▸ **Data for this task**
- Opening Delimiter -
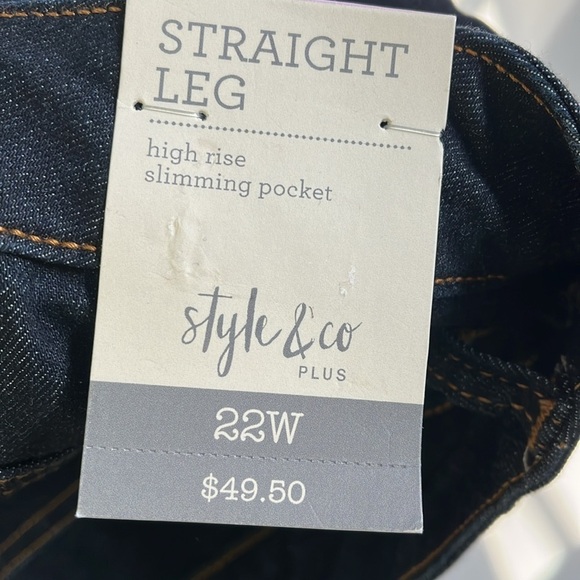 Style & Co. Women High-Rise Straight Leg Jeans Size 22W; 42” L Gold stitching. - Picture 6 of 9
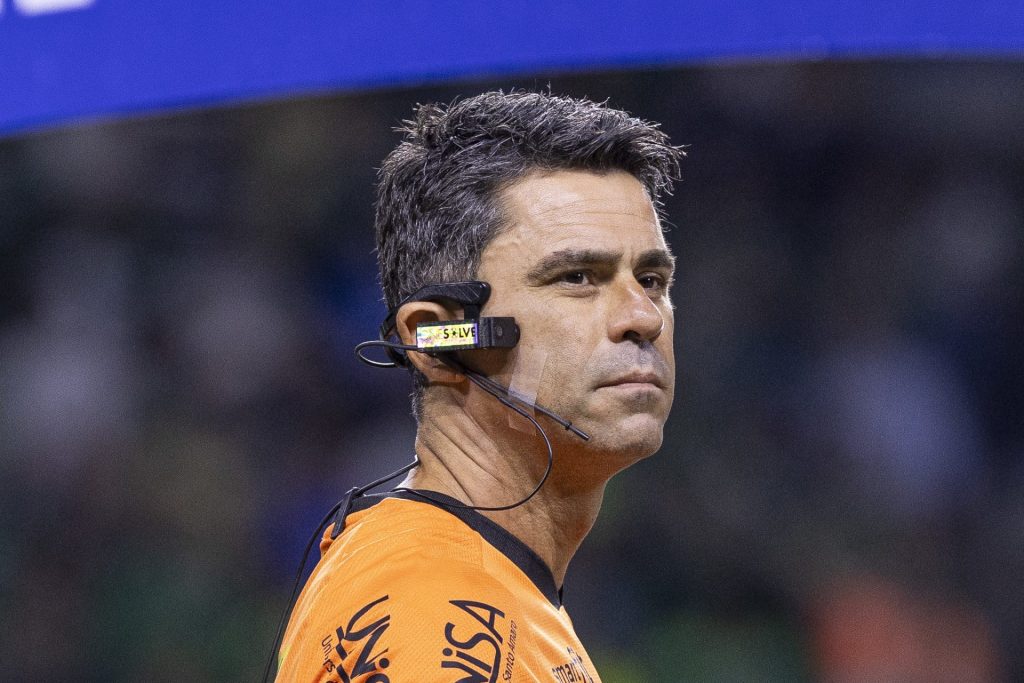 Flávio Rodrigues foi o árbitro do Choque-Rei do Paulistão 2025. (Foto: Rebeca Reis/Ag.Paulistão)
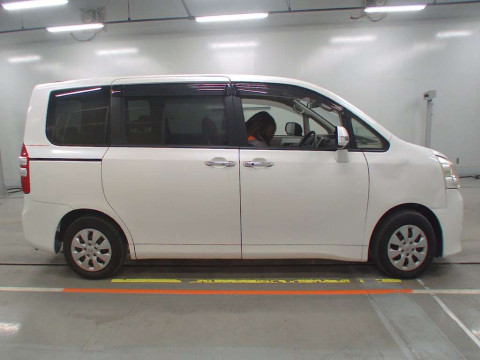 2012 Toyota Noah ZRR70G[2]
- Closing Delimiter -
- Opening Delimiter -
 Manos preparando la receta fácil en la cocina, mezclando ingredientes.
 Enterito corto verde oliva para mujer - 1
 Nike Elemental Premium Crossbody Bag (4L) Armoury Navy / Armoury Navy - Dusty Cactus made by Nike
- Closing Delimiter -
With the pictures omitted, restate word for word the lines above from the line that has "Style & Co." up to and including the line that has "2012 Toyota Noah ZRR70G[2]", and no other lines.

 Style & Co. Women High-Rise Straight Leg Jeans Size 22W; 42” L Gold stitching. - Picture 6 of 9
 Flávio Rodrigues foi o árbitro do Choque-Rei do Paulistão 2025. (Foto: Rebeca Reis/Ag.Paulistão)
 2012 Toyota Noah ZRR70G[2]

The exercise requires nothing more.